God has not given us a spirit of fear but of sound mind, power and love. – II Timothy 1:7
I love this verse. Paul was reminding Timothy what God saw when He looked at him and how God created him. Even though this is such a great verse, let’s just be completely honest – most of us don’t walk through life without fear. Instead, our dreams, vision and purpose are paralyzed by fear. For years, I struggled with fear of rejection.
I was a fifteen year-old kid who watched my dad become a heroin addict and then got in a fist fight with him. He threw me out of the house and said these words: “you are not my son!” It was there that the root of my fear began…
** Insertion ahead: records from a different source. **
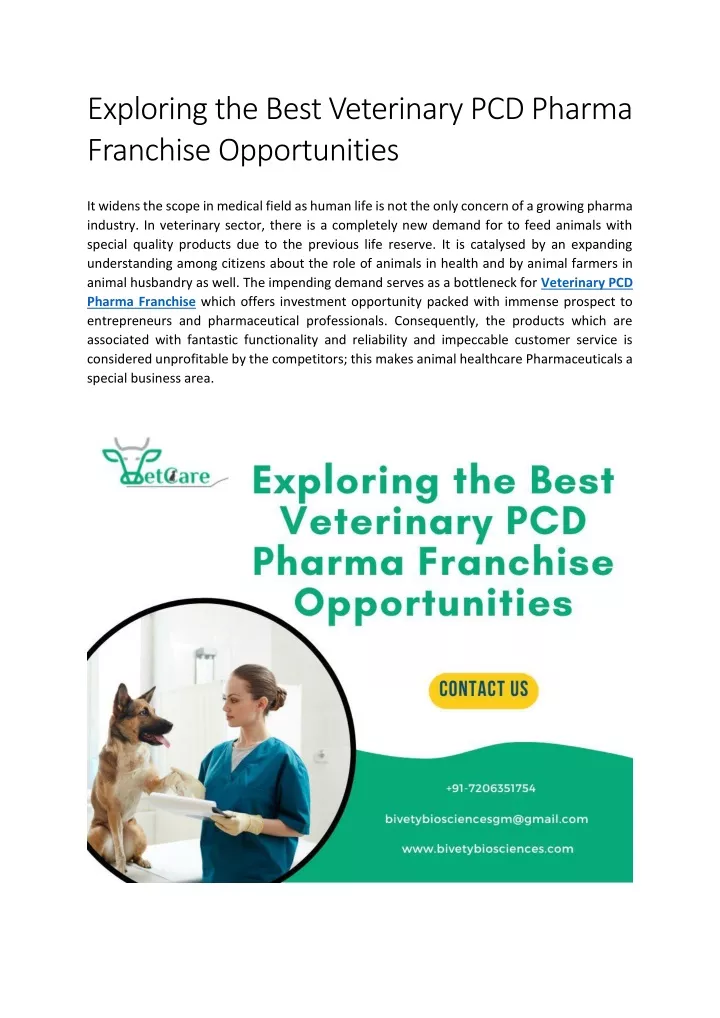 exploring the best veterinary pcd pharma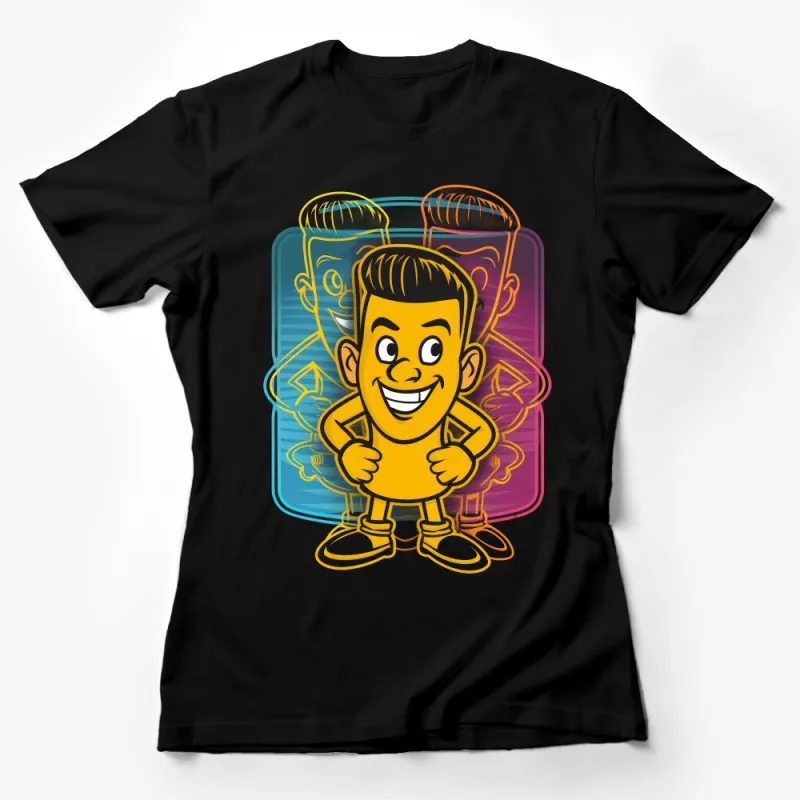 Cartoon Character T-Shirt, Yellow Shirt Graphic Tee, Colorful Illustration Casual Wear, Unisex Fun Tee for All Ages, Vibrant Art Shirt Female T-Shirt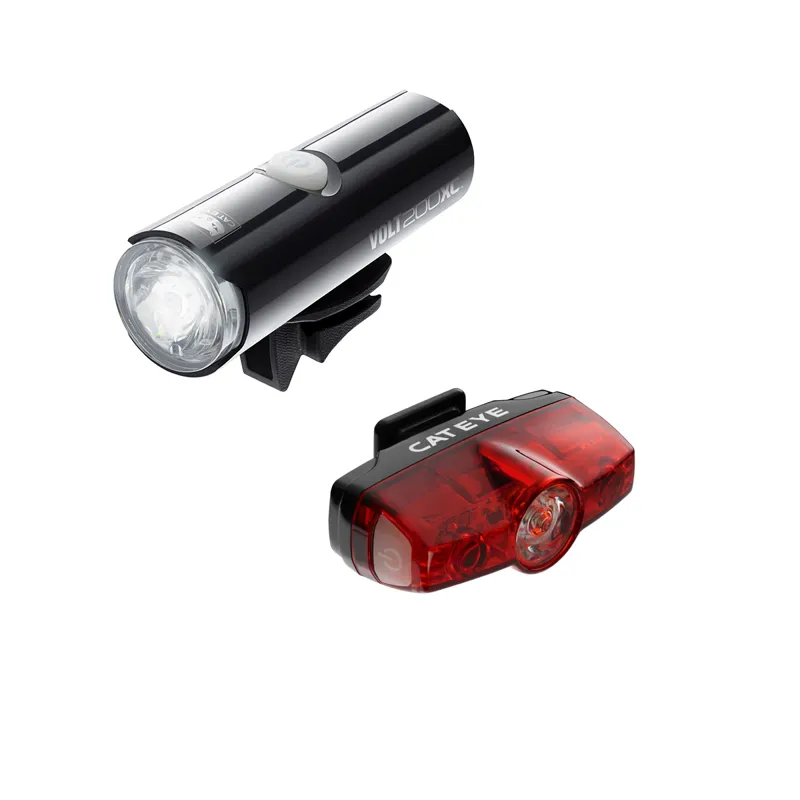 Cateye Volt 200 Xc Front Light and Rapid Mini Rear Usb Rechargeable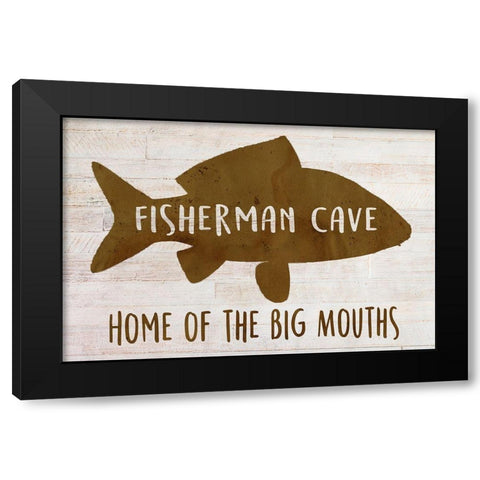 Fisherman Cave Black Modern Wood Framed Art Print by Kimberly, Allen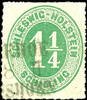 Schleswig-Holstein Bahnpost & andere Entwertungen 1 1/4 Schilling ITZEHOE / . 8. II / ELMSHORN, three straight line cancel, clear on extremely fine copy green, photo expertize Carl Aage Moell -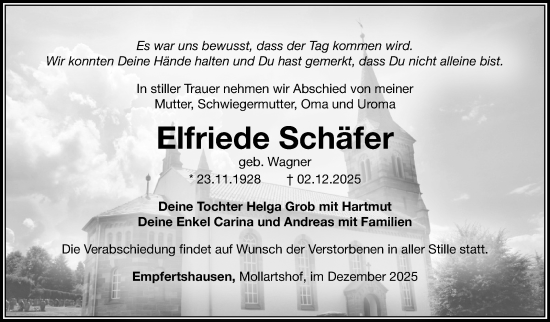 Traueranzeige von Elfriede Schäfer von Südthüringer Presse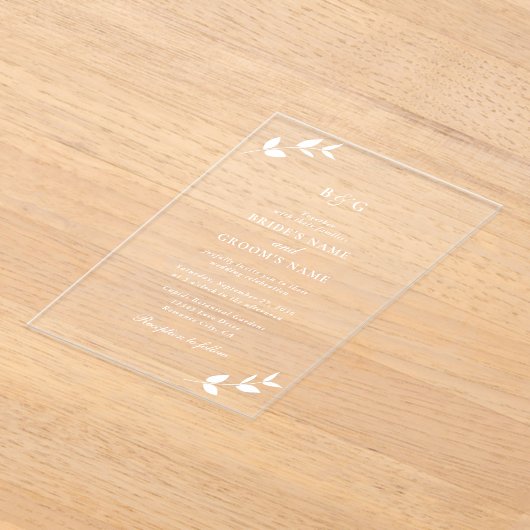 Invitations En Acrylique Mariage Élégant Monogramme de Feuilles transparent (Poser)
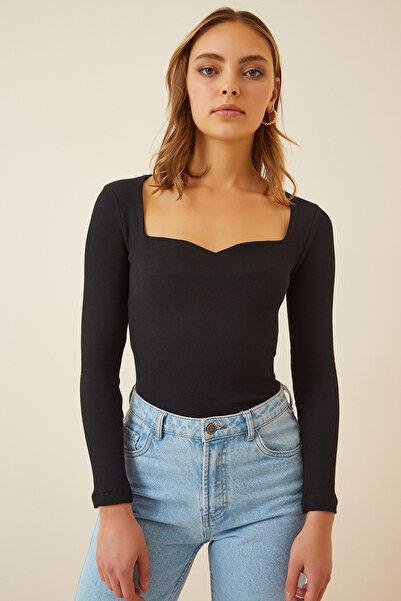 Lovelyİstanbul Žebrovaná pletená halenka se srdcem Lgt0017 černá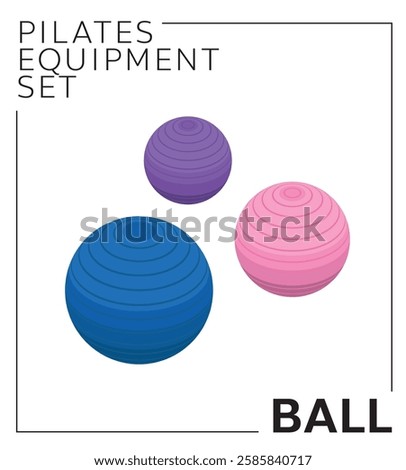 Pilates Equipment Ball Isometric Set Vector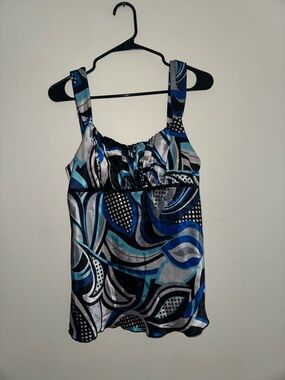 Byer California Blue, Black & Silver Abstract Camisole
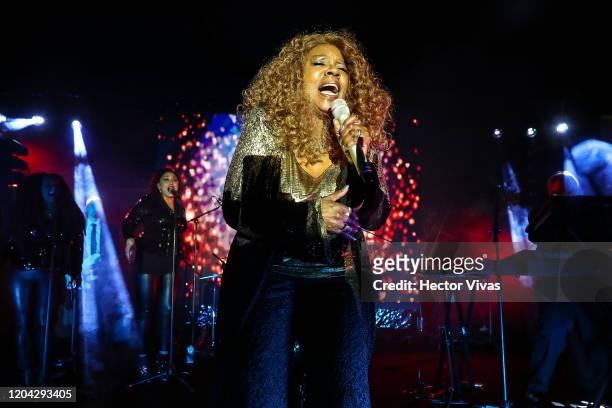 Gloria Gaynor performs during a show as part of the amfAR Gala Mexico City 2020 on February 04, 2020 in Mexico City, Mexico.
I never wanted to be rejected like that again. I didn’t understand at the time that my dad needed help and that I was not a bad son; I only took away that I was not good enough. So I spent years trying to prove myself…that I was good enough. When I gave my life to Jesus in 1996, it was the greatest decision that I had ever made. I began a great journey of healing. Fear was still very prevalent, though. In fact, I took that same fear into my relationship with God and others. I aimed to please, always fearing rejection. When I was rejected, I would shut down and very quickly isolate myself from the world. This cycle went on for years until one day God began to show me that I was good enough by what He did on the cross. He created me to the tiniest detail and everything He saw was good. I began to embrace the truth of His word in Psalm 139 – that I was fearfully and wonderfully made. That the wonderful thoughts that He has towards me, outnumber the grains of sand. There were so many verses in the Bible that pointed to me being accepted and not rejected. So now every time this voice of fear would pop up, I could combat it with truth.
But this is just one fear. God continues to deal with these fears in my life. I thank God today because He has helped me change these mindsets that I used to have. I don’t have to fear rejection. I can make decisions based on what I hear God telling me and not follow others. I have been set free from trying to get the crowd to applaud just to affirm my gift and calling. I don’t spend my time thinking of what I can do for God so that people will see that I am great. Instead, I desire to be a part of what He is already doing and realize now that it is not about me, but it is and has always been about Him.
Here is my encouragement to you. The quicker you identify the root of your fear, the quicker you can begin the beautiful journey of everything God already planned for you.
Don’t let fear paralyze everything that you were meant to be!
Don’t let fear steal the great things that God has planned for you!
Today, embrace courage and dig deep down in your heart, find the root and let God start dealing with that fear. You were made for so much more…you were made to live and love not afraid.